● **ACTIVITY**
All records must be quoted exactly. Omit the pictures.

● **DATA SUPPLIED**
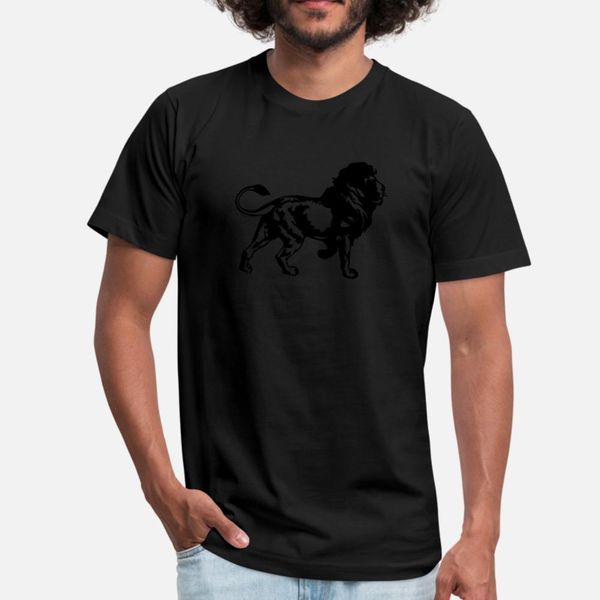 

lion t shirt men interesting short sleeve s-3xl kawaii interesting funny casual summer style leisure shirt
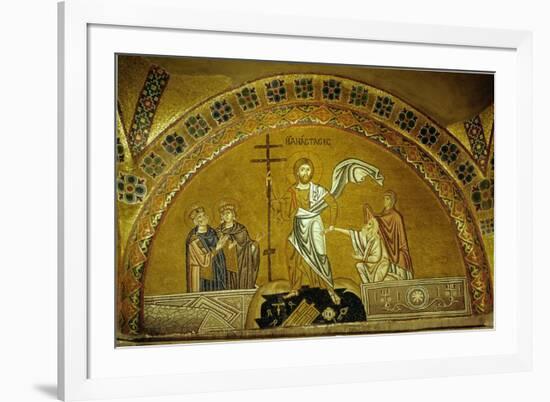 Anastasis, Christ Descending into Limbo, Saves Adam, Eve, King David and King Solomon-null-Framed Giclee Print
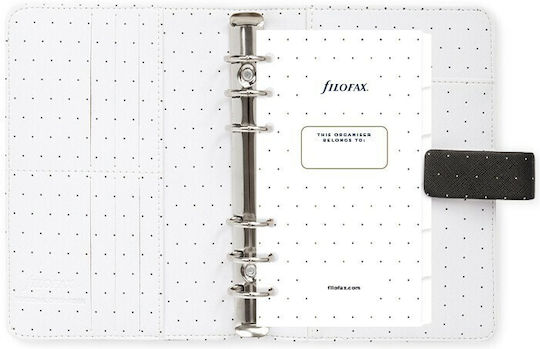 Filofax Weekly Organizer Moonlight Black Leather 15.3x18.7cm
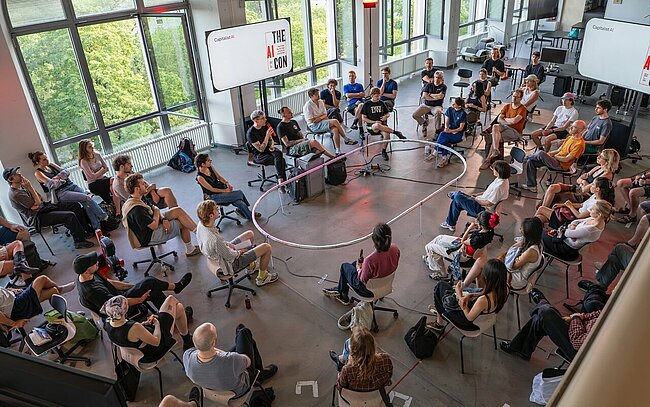 Paneldiskussion in Vorlesungssaal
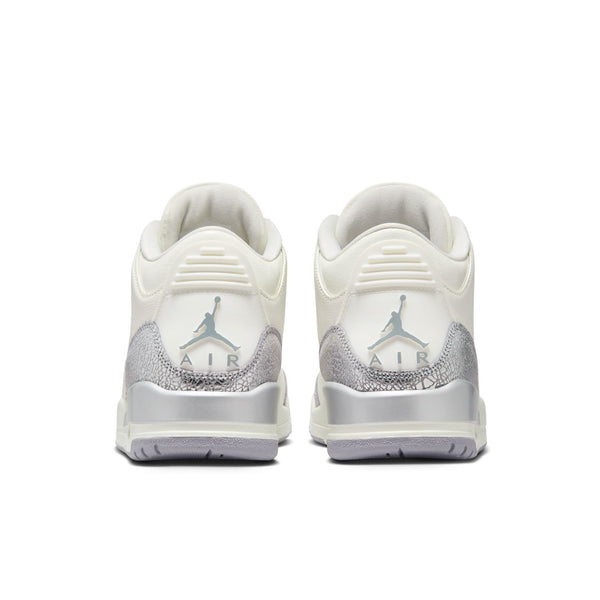 Jordan - Women - Retro 3 Low - Sail/Cement Grey/Metallic Silver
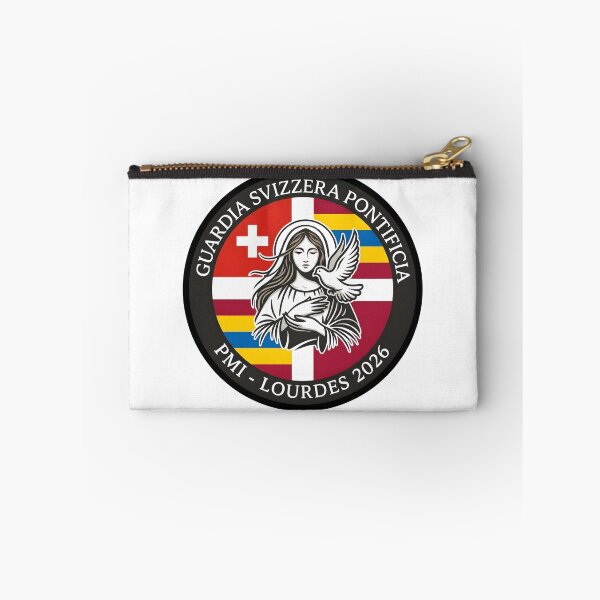 Item preview, Pontifical Swiss Guard PMI Lourdes 2026 Pilgrimage Emblem designed and sold by CharlieDesings.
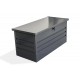 Coffre de jardin SCATOLA 350L en acier galvanisé - GRIS ANTHRACITE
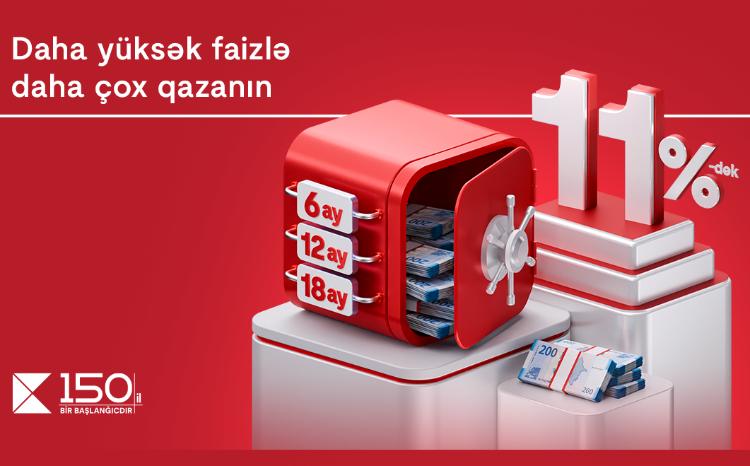 Yeni ilə yüksək gəlirlə: Kapital Bank depozit faizlərini 11%-ə qaldırdı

● **SOLUTION TO THE EXERCISE**
lion t shirt men interesting short sleeve s-3xl kawaii interesting funny casual summer style leisure shirt
 Anastasis, Christ Descending into Limbo, Saves Adam, Eve, King David and King Solomon-null-Framed Giclee Print
 Filofax Weekly Organizer Moonlight Black Leather 15.3x18.7cm
 Paneldiskussion in Vorlesungssaal
 Jordan - Women - Retro 3 Low - Sail/Cement Grey/Metallic Silver
 Item preview, Pontifical Swiss Guard PMI Lourdes 2026 Pilgrimage Emblem designed and sold by CharlieDesings.
 Coffre de jardin SCATOLA 350L en acier galvanisé - GRIS ANTHRACITE
 Yeni ilə yüksək gəlirlə: Kapital Bank depozit faizlərini 11%-ə qaldırdı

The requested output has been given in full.